La complessa tassonomia dei musei aziendali[1] documenta la crescente necessità di molte imprese di custodire il proprio patrimonio, declinandolo attraverso strategie culturali sempre più intrecciate con pratiche pubblicitarie e forme d’arte. La ‘visibilità’ delle merci, del resto, aveva incarnato uno dei turning point della società moderna, da cui sarebbero derivati un nuovo rapporto con lo spazio urbano, il piacere ludico del consumo, l’ebbrezza della flânérie. A complicare il corto circuito tra industria e pubblico ci ha pensato poi il dilagante potere dei manifesti, capaci di innescare un vero e proprio «blitz della visione», come sostiene Papakristo, o ancora di propugnare «una nuova forma di fruizione, disturbata, casuale, distratta».[2] Se è vero che il manifesto è stato ed è «espressione di meccanismi profondi della cultura di un paese, […] simbolo e documento delle nostre nevrosi»[3] allora non può sorprenderci l’investimento di Campari nella direzione di una costante evoluzione del genere, accompagnata da retoriche visive ibride, a mezza via tra pubblicità, marketing, moda e cinema, e comunque in transito verso modelli culturali di grande glamour.
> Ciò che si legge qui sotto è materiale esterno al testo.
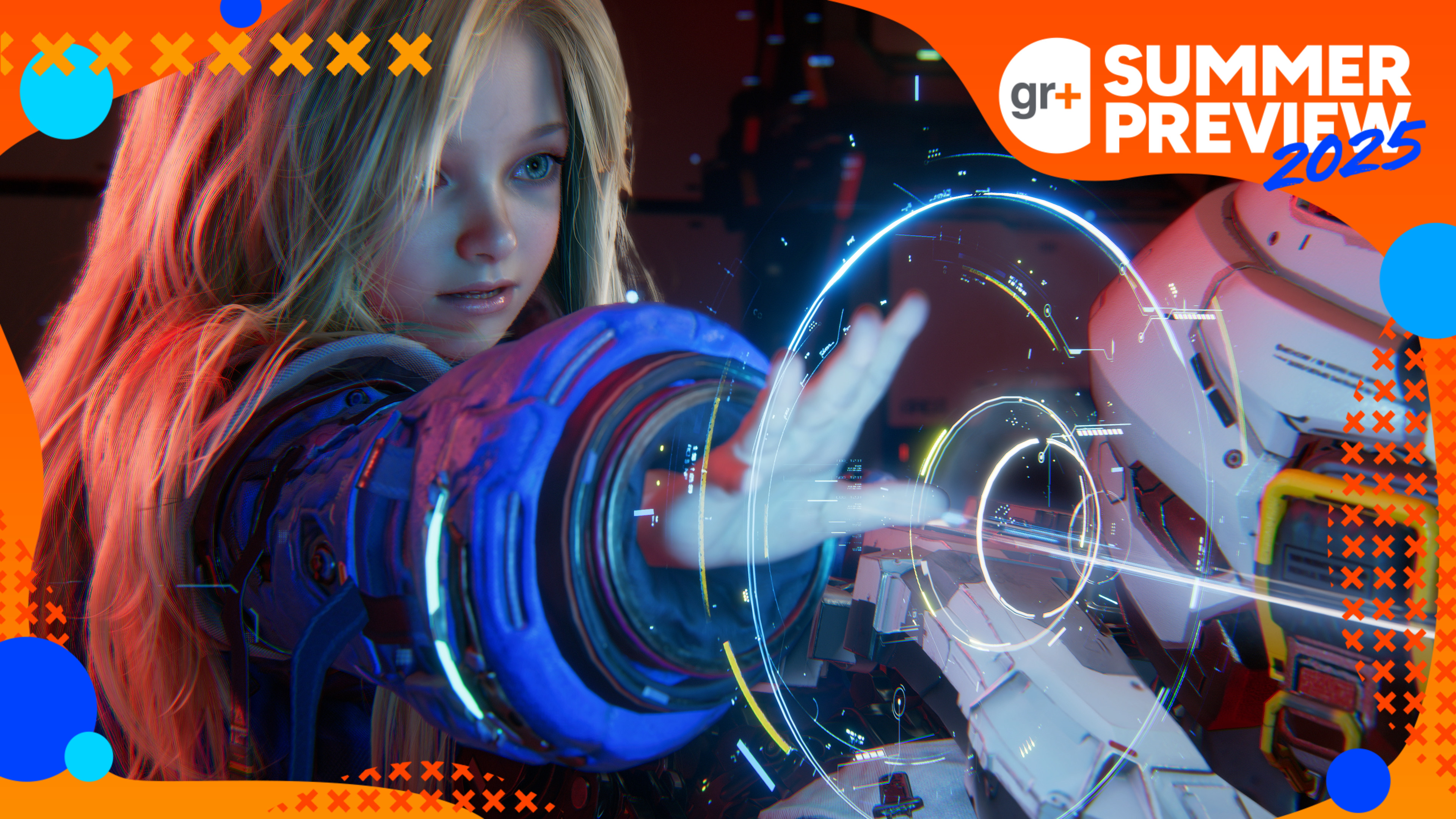 A screenshot from Pragmata shows a blonde girl shooting out lasers from her hand while an orange border identifies it as part of GamesRadar&#039;s summer previews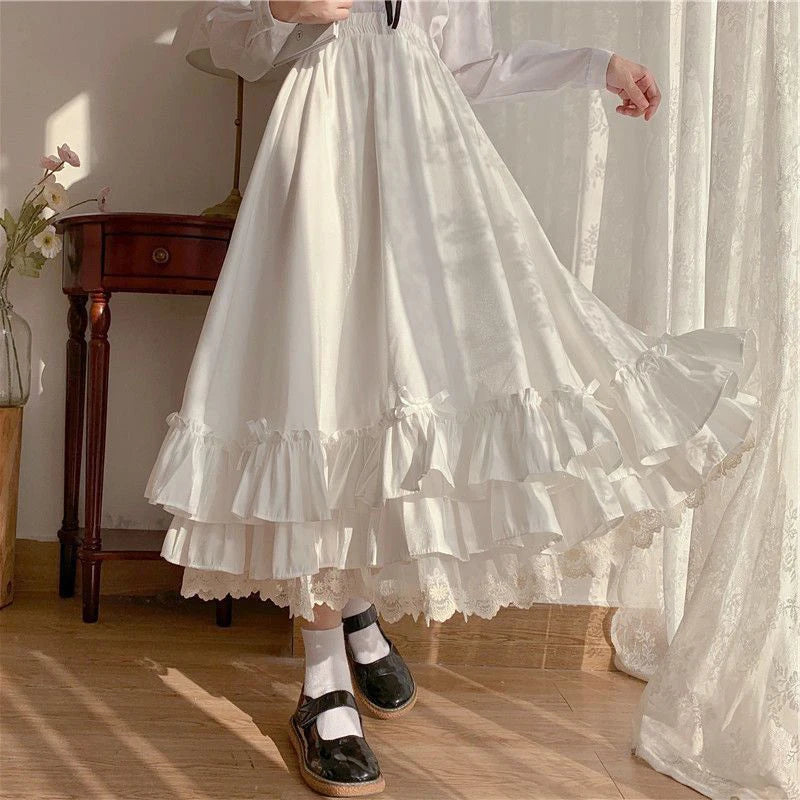 Fashion Sweet Midi Skirt Women Lace Patchwork Bow Preppy Fall Loose Casual Skirts Japanses Ruffle High Waist Solid Chic Skirt.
Per cogliere l’effetto di profondità di tale relazione occorre ricordare da un lato la funzione decorativa della bellezza femminile esibita dalla grafica dei manifesti, e in qualche modo connaturata alle logiche della pop culture, dall’altra la ridondanza estetica del prodotto commerciale, risolta nel tempo da Campari attraverso calibrati effetti di lettering e composizione. Per l’azienda milanese la comunicazione visiva ha rappresentato un segmento produttivo e di stile di primo piano, gestito secondo protocolli e marche in grado di imporre formule riconoscibili e di lunga durata. Quasi «arabeschi dell’immaginario»,[4] i dépliants e gli almanacchi sponsorizzati da Campari segnano un’epoca, alimentando il mito di un piacere condiviso, grazie all’idea di un ‘buon bere’ da intendersi come spazio di evasione e intrattenimento. È così che la ‘cultura sottile’[5] contribuisce a forgiare l’immaginario, a costruire tessere di una memoria materiale e immateriale che si deposita e permane, anche perché trova spazio in un luogo che è insieme cornice e storia.